## Problem to work on
After locating the line with "Messianic Seal Dangle" below, output it and each following line exactly, stopping after the line with "Image of GFW". No pictures.

## Raw data
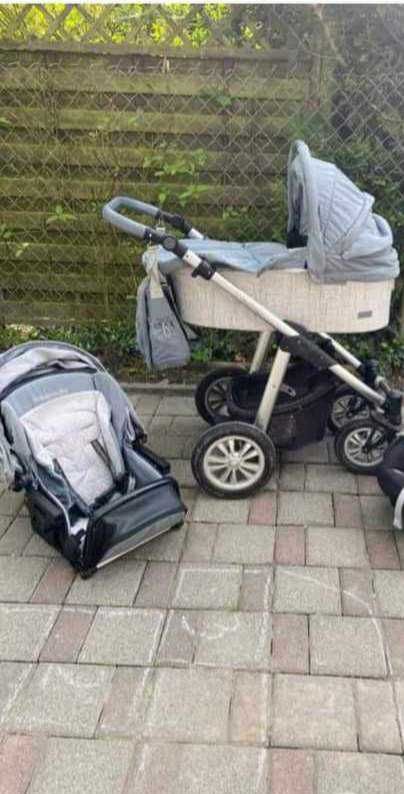 Wózek dziecięcy Baby desinge Bueno 2w1 szaro kremowy gondola i spaceró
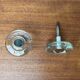 Mid-century modern glass and metal door handle from the space age, Germany, 1960s.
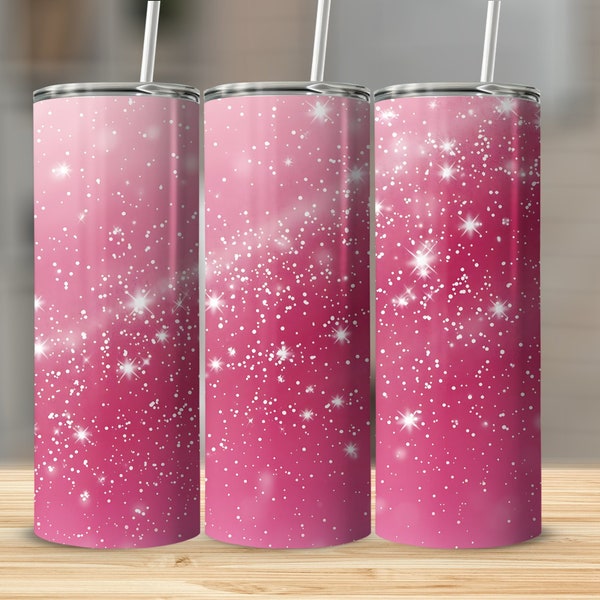 Sparkle Tumbler Wrap PNG, Pink Glitter Tumbler Design, Instant Download, Straight and Tapered Tumbler Wrap, Digital Tumbler Png File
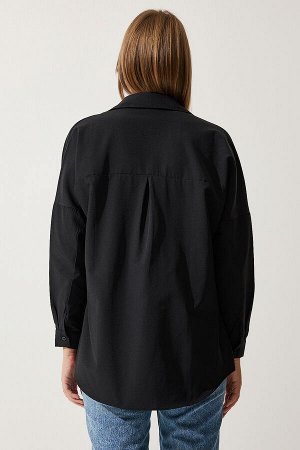 Женская черная длинная базовая рубашка оверсайз DD00842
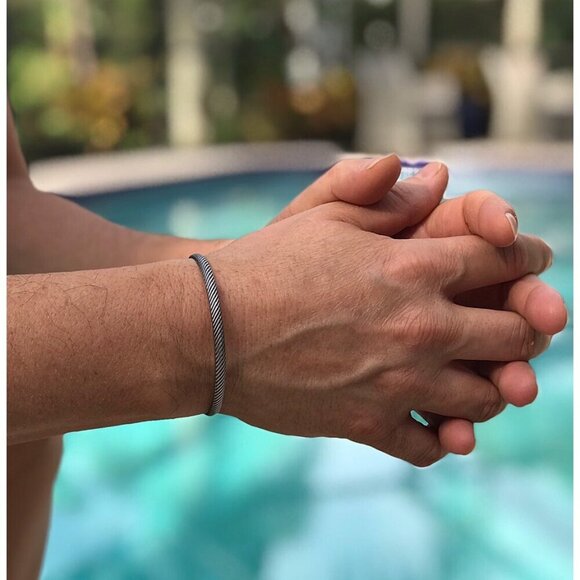 Oxidized 925 Sterling Silver Diagonal Stripe Open Cuff Bangle Handmade - 4.25mm - Picture 5 of 7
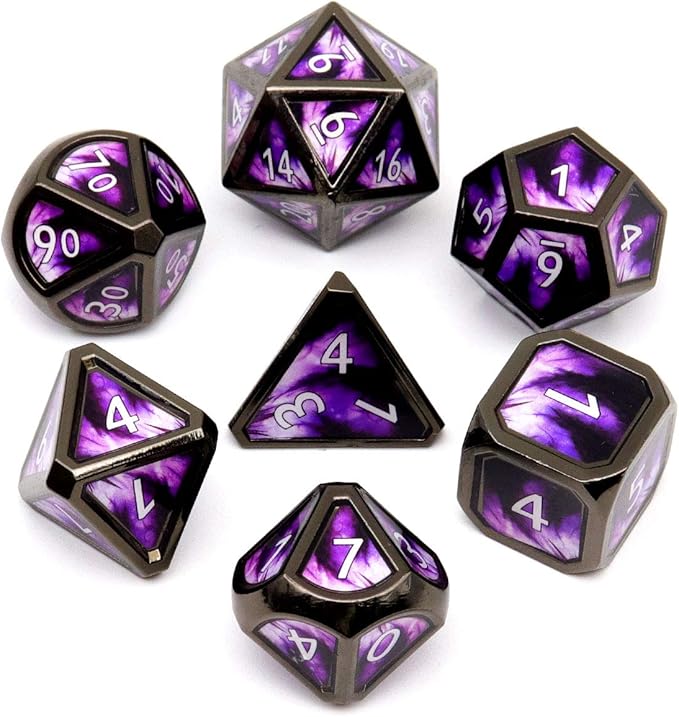 Haxtec Metal DND Dice Set Purple Black Real Scene D&D Metal Dice Set for Dungeons and Dragons TTRPG DND Gifts Elderitch Blast
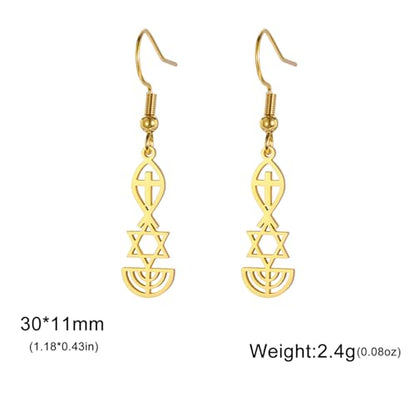 Messianic Seal Dangle Earrings Messianic Seal of Jerusalem Earrings Star of David,Ichthus with Cross,Menorah,Jewish Star Earrings Religious Hanukkah Jewelry Token of Prayer - color: gold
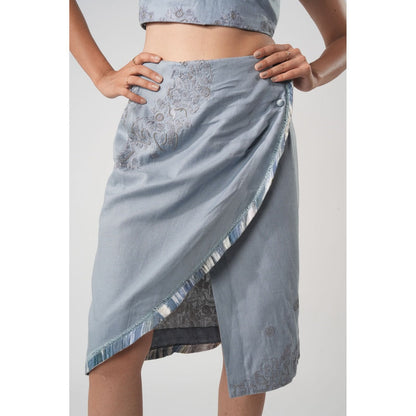 Orthodox Blue Hemp & Bamboo Pencil Knee Length Skirt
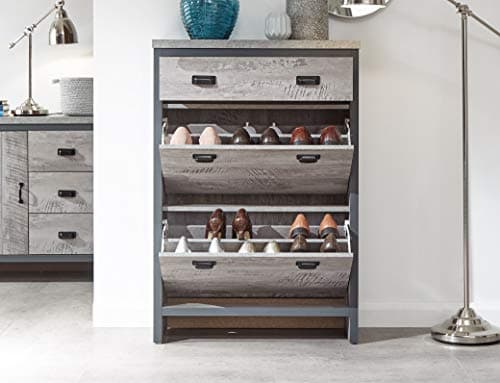 Image of GFW Wooden Hallway Shoe Storage Organiser Cupboard Stores Up to 12 Shoes, Slim Entryway Cabinets for Hallways, Bedroom Or Living Space, Wood, Grey, H-107cm x W-73cm x D-29cm
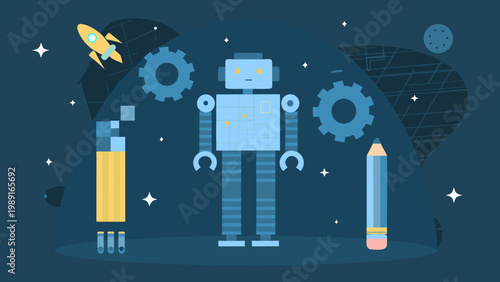 A blue robot stands amidst gears pencils and a rocket in outer space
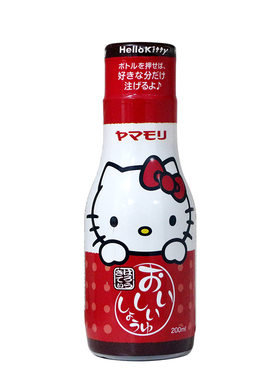 日本山森HELLO KITTY美味酱油200ml原装进口小瓶酿造酱油寿喜锅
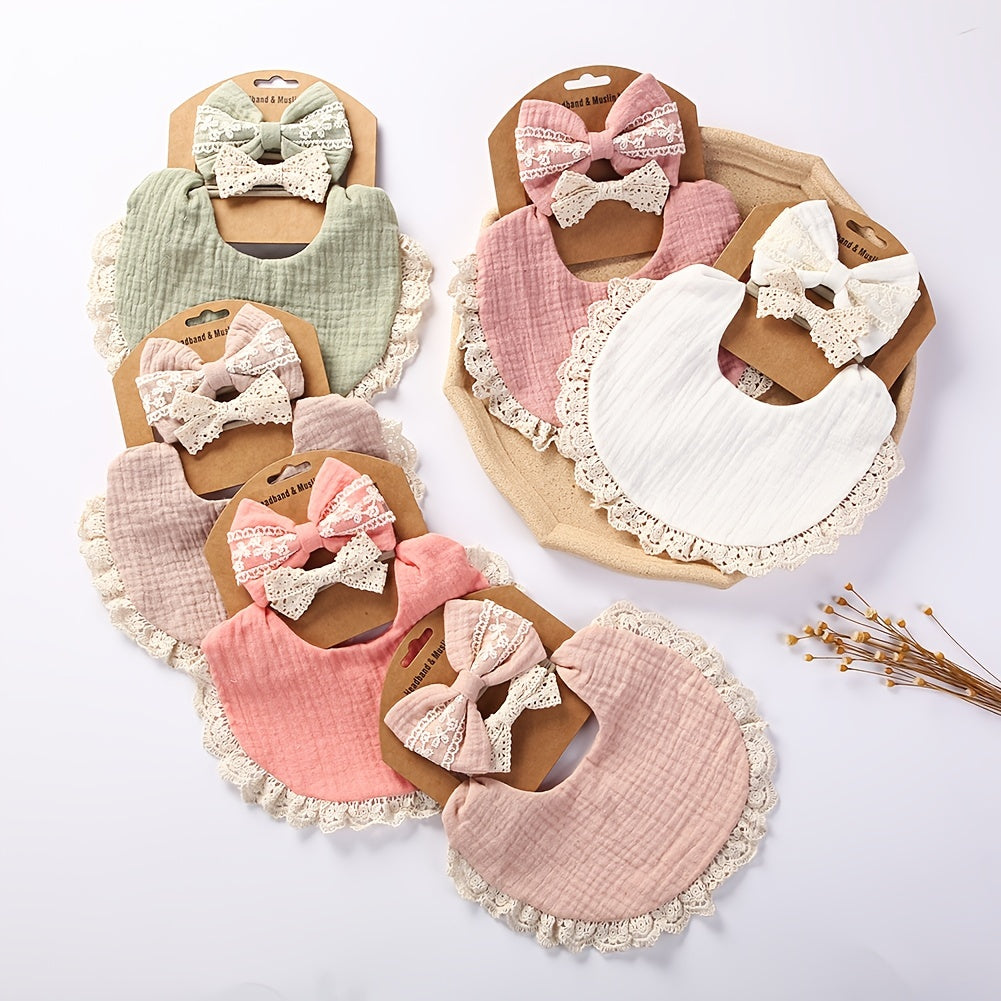Baby Headbands and Bibs Set of Two with Stain-Resistant Baby Bib and Lace Bow Headband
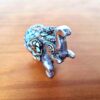 Elefante indiano de metal prateado mosaico de pedras naturais madrepérolas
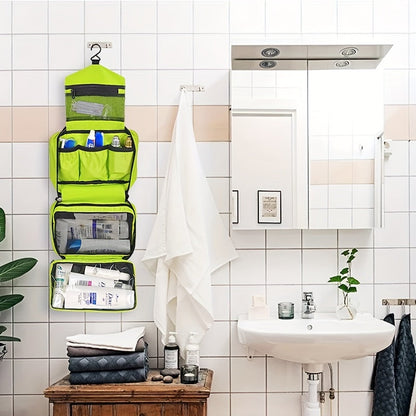 Compact Hanging Toiletry Organiser Travel Storage Bag with Multiple Compartments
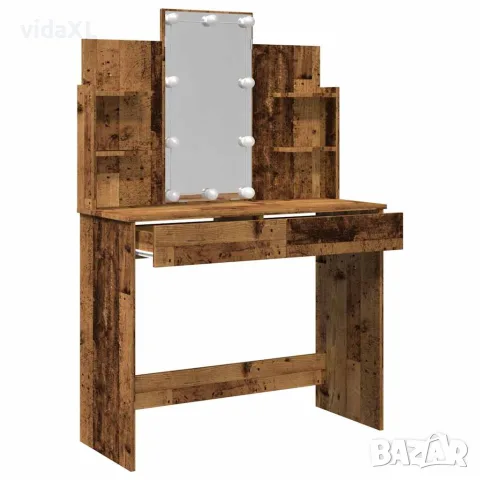 vidaXL Тоалетка с LED осветление Старо дърво 96x40x142 cm, снимка 6 - Тоалетки - 56148307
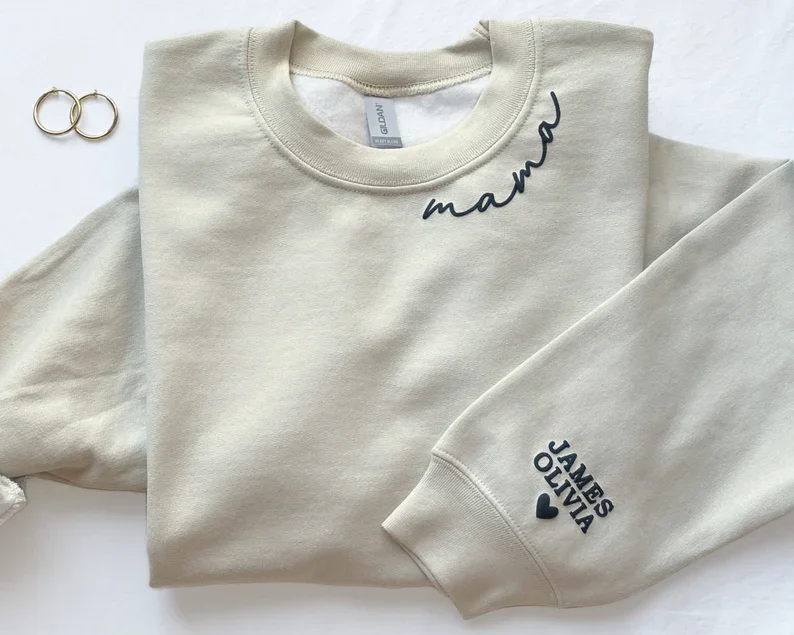 Top Trends: Personalized Mama Sweatshirt With Kid Names On Sleeve Minimalist Neckline Sweater Mothers Day Gift New Mom Gift Birthday Gift Shoppable Styles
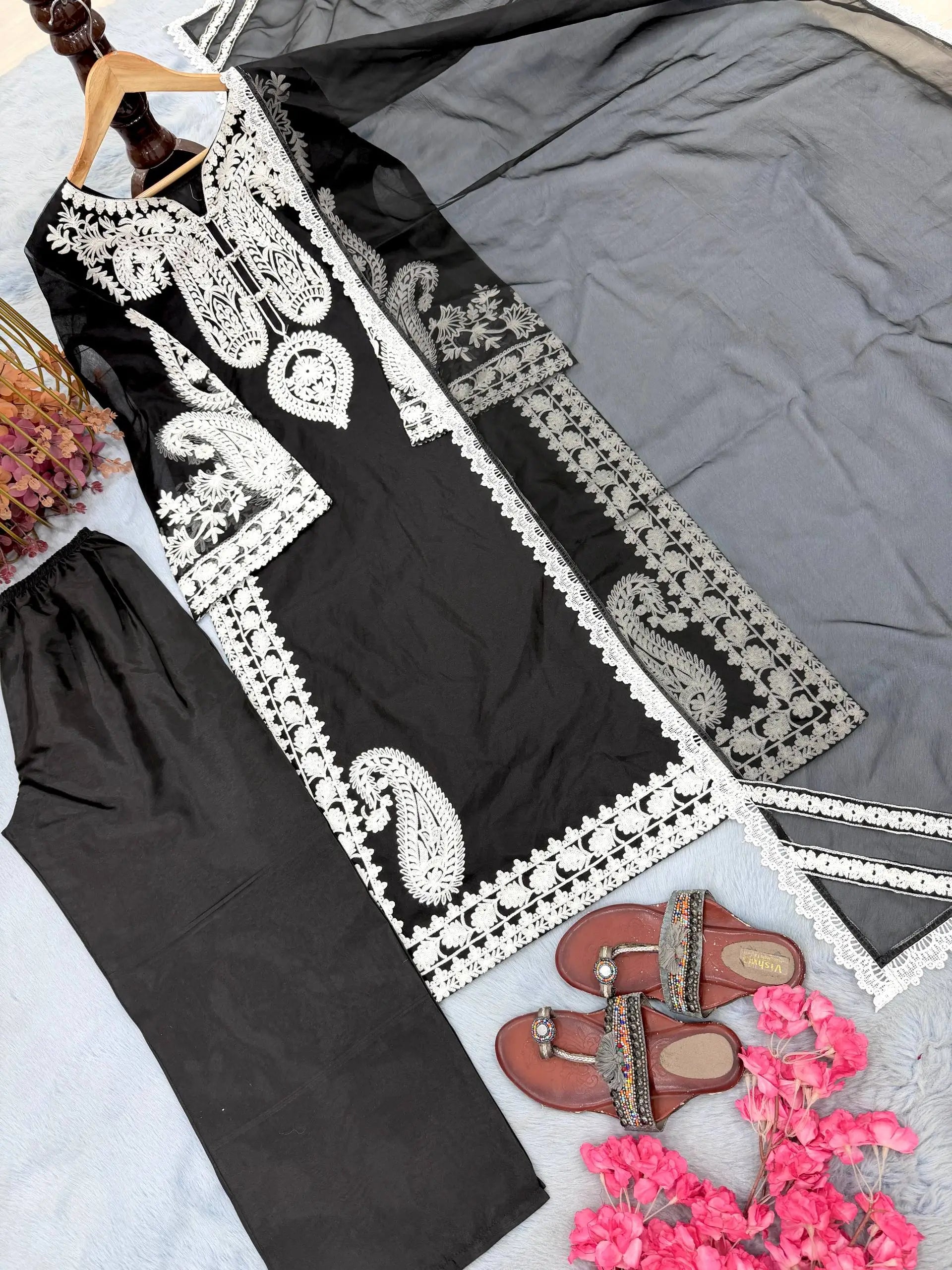Embroidered Organza Silk Kurta Plazzo Set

## Finished exercise
 Messianic Seal Dangle Earrings Messianic Seal of Jerusalem Earrings Star of David,Ichthus with Cross,Menorah,Jewish Star Earrings Religious Hanukkah Jewelry Token of Prayer - color: gold
 Orthodox Blue Hemp & Bamboo Pencil Knee Length Skirt
 Image of GFW Wooden Hallway Shoe Storage Organiser Cupboard Stores Up to 12 Shoes, Slim Entryway Cabinets for Hallways, Bedroom Or Living Space, Wood, Grey, H-107cm x W-73cm x D-29cm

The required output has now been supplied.